Material provided:
· · ·

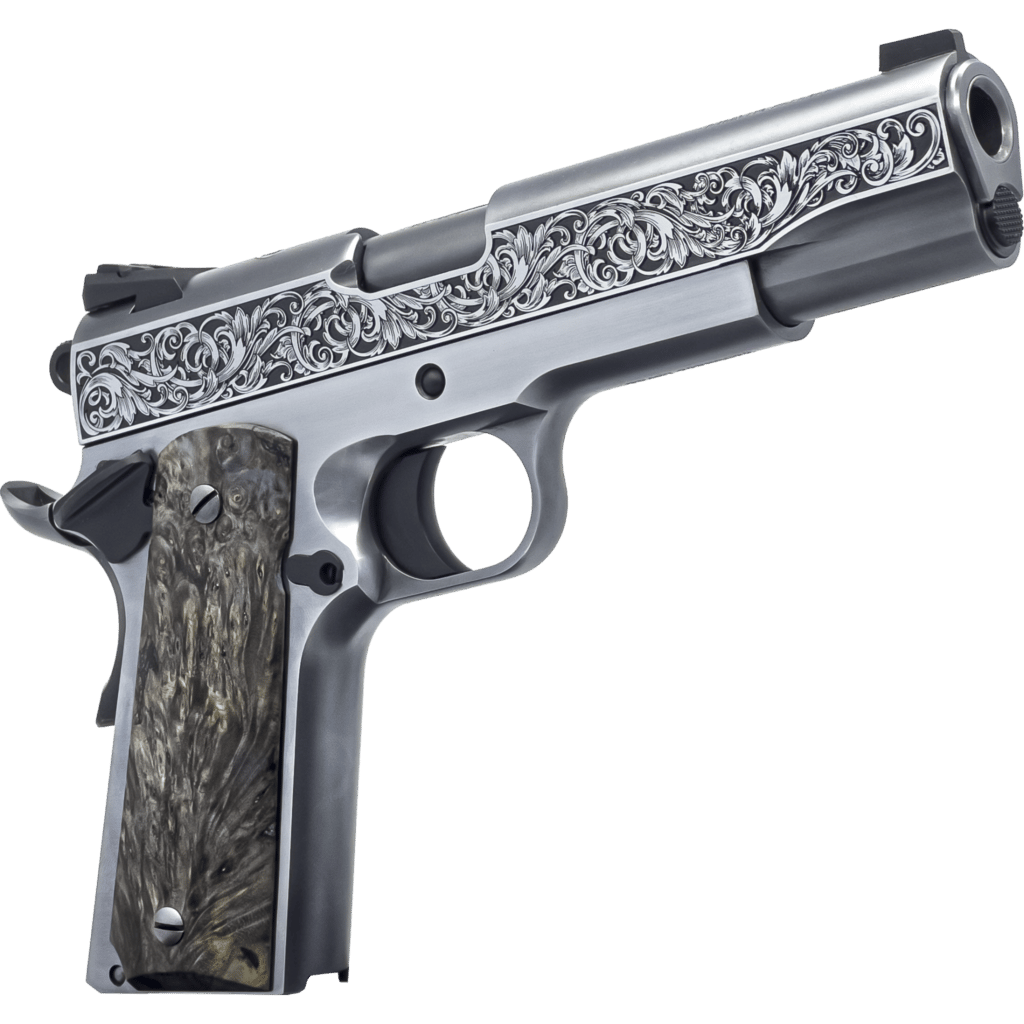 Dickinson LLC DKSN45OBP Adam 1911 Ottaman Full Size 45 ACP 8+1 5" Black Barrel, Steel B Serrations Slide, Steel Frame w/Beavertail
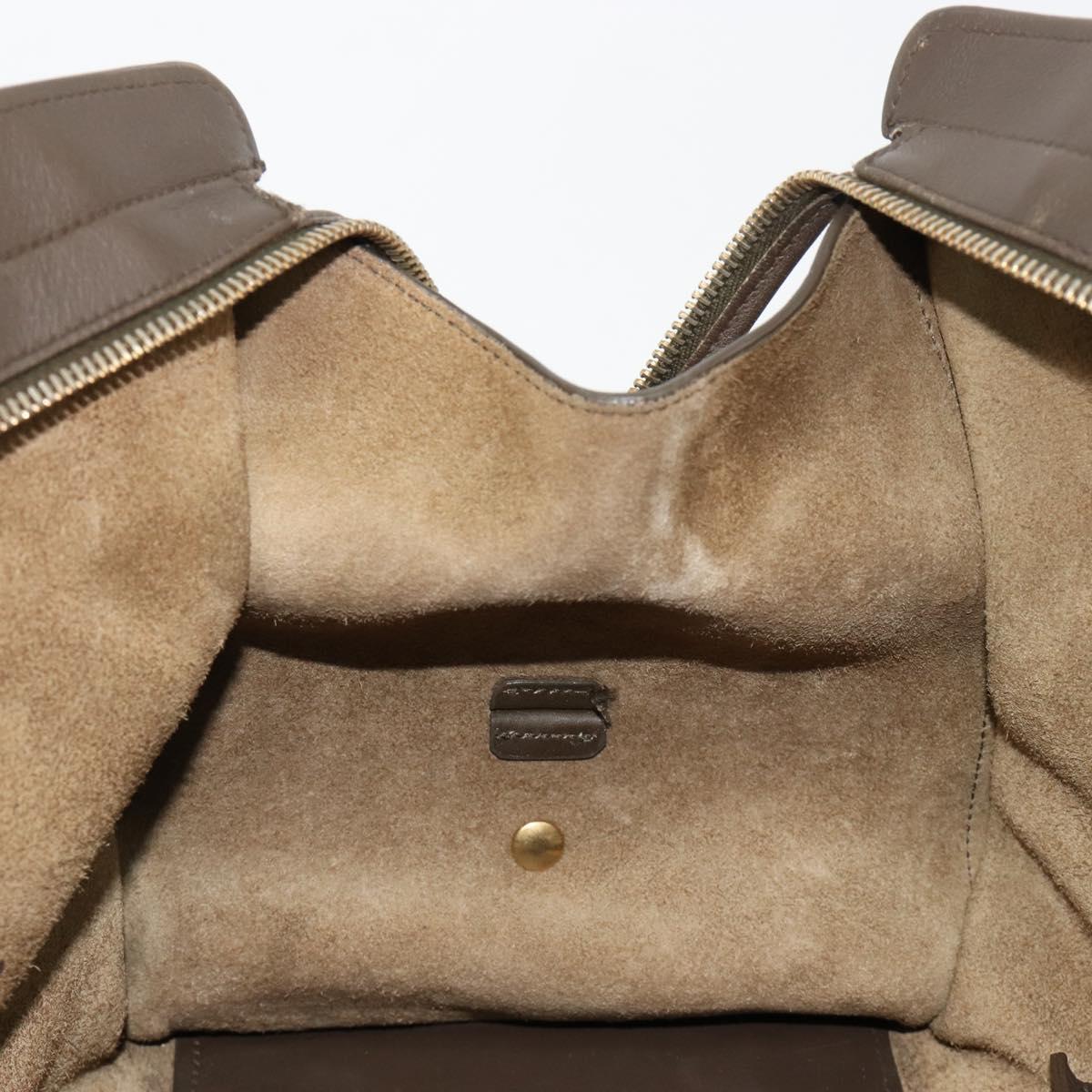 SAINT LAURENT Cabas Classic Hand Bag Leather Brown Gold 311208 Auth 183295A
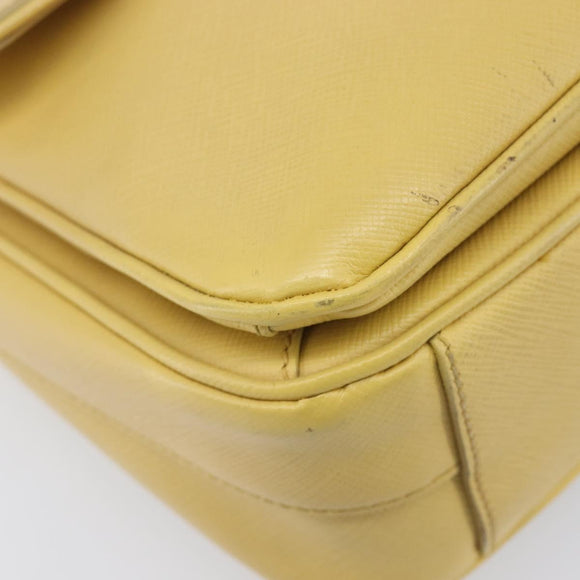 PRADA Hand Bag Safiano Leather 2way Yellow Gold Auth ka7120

· · ·

Aim of the exercise: Exclude all images and return the listing word for word.

The completed task:
 Dickinson LLC DKSN45OBP Adam 1911 Ottaman Full Size 45 ACP 8+1 5" Black Barrel, Steel B Serrations Slide, Steel Frame w/Beavertail
 SAINT LAURENT Cabas Classic Hand Bag Leather Brown Gold 311208 Auth 183295A
 PRADA Hand Bag Safiano Leather 2way Yellow Gold Auth ka7120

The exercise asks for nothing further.